PR hungry Dix failed to act when lacklustre botch prone champion Bully Ray displayed insane levels of homophobia. The 'nicest female in wrestling' decided not to act and sweep it under the carpet, whilst keeping Ray as champion throughout most of the year in a lousy reign based on in-ring work alone. Ray famously sat himself on a table at ringside in a match, too. Carter swiftly reprimanded Austin Aries for throwing his crotch into ring announcer Christy Hemme's face mid year. After losing further respect, with the ridiculous #AskDixie chats on Twitter, Carter allowed useless staff in Joseph Park, Ray, Magnus and others to destroy the product from within. Now Hogan has finally left soaking up the purse, leaving Dixie completely dumbstruck, she even denied a possible attempt at selling the company off.

Now chasing the WWE dream, one last time.
The next option for Dixie may well be to sell, but the problem is who wants to buy an already tainted and debt swollen pothole? Carter should have found those people in wrestling who would be able to revamp the product with the talent available. She didn't and has thus failed. She even rejected a lucrative ownership deal from wrestling guru Paul Heyman at a time some few years ago when it really mattered.

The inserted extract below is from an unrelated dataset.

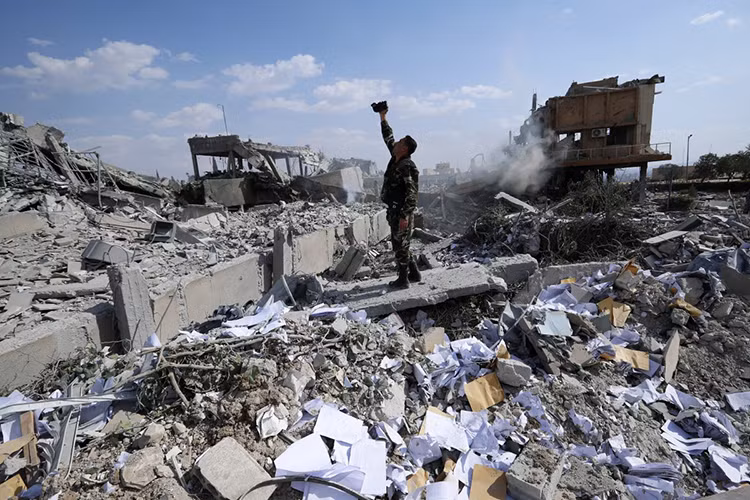 Chiến dịch không kích của Mỹ và đồng minh vào Syria trong đêm 14/4 đã một phần nào đó nói lên nguy cơ này, và nếu một trong hai bên không đủ tỉnh táo để kiềm chế các hành động của mình thì nguy cơ chiến tranh lan rộng ra khắp khu vực Trung Đông hay cả thế giới là điều hoàn toàn có thể xảy ra. Nguồn ảnh: Wall Street Journal.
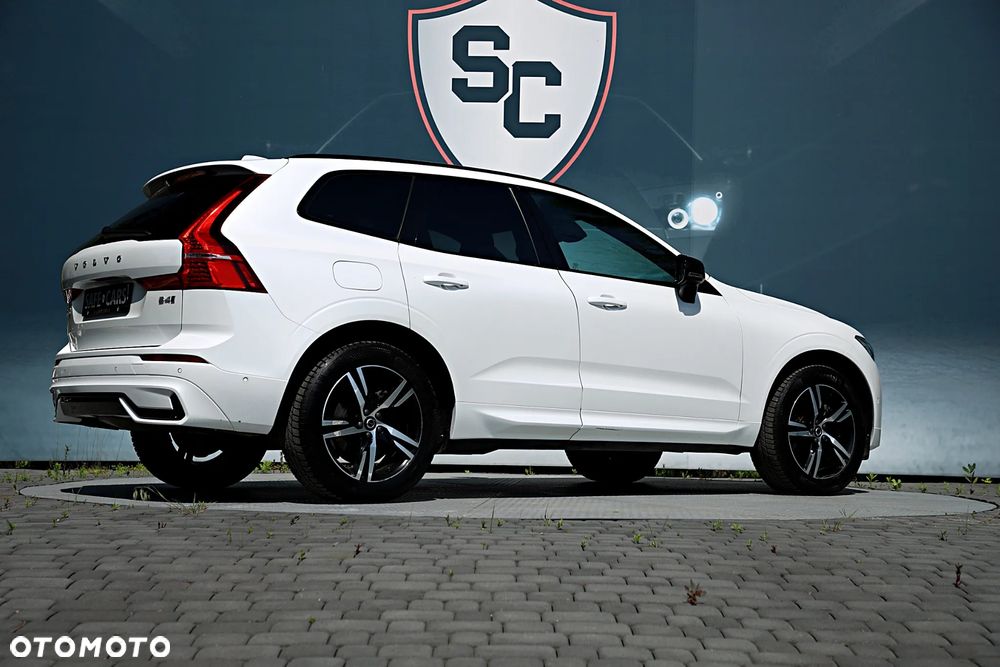 Volvo XC 60 B4 D AWD R-Design - 10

In TNA, anyone can be its champion. Without any meaning to its lineage and the rate at which it packs off talent, TNA is more than troubled. Selecting tawdry and illogical choices as champions only further destroys the structure for growth. TNA's title also on its own merit, is rendered as a throwaway centrepiece.


So how can the company develop from all of its problems?

There is a way, but simply put, TNA do not deserve my input unless they wish to open talks and get me backstage. TNA's product has been stubborn, uneventful and outrageously abusive, and not in the correct sense. Jeff Jarrett bailed on the disaster after realising he didn't need that pitfall any longer. It is not needed, but is available if TNA move themselves. Of course, the offer must be high. This isn't essentially down to merely financial circumstances alone. That being said, TNA is a risk for any talent and is not a fully sound investment. I give it three years maximum as a turnaround period. That's being generous. I cannot foresee any sustainable talent on this roster apart from Jesse (Jessie Godderz) Jeff Hardy and to a lesser extent, Sting. Gail Kim and ODB are the only standout females. Kurt Angle will always add something to the product despite his next real-life drama. At least his heart is in wrestling, but such actions outside the ring with postmodern pop tarts for lame exposure makes the man lack credibility. Did such action help TNA's (or even Angle's) exposure?  

If all TNA can do is copy the national promotion and take from Wrestling Wonders to adapt storylines from ideas that cannot be implemented or performed well it doesn't deserve any respect. Once you respect the fans, product, industry and talent, the audience will support you. Until you do that, there is no value. Copying others will always cause anyone to get it wrong, because they simply cannot do what one other, who is simply, better at deliverance and guidance, than those unequipped with such understanding. TNA was adored for being its own space, granted slow, but grew on its own standing. Now, it is a spare pocket of mediocrity. If you can't think fast and get with the program, the program will be forever gone. The essence of this notion is apparent. Fans may still watch, but the former shell of what TNA was to fans has been evaporated. Fans have lost the respect and cannot support it any longer. That, is the worst possible response to any business model.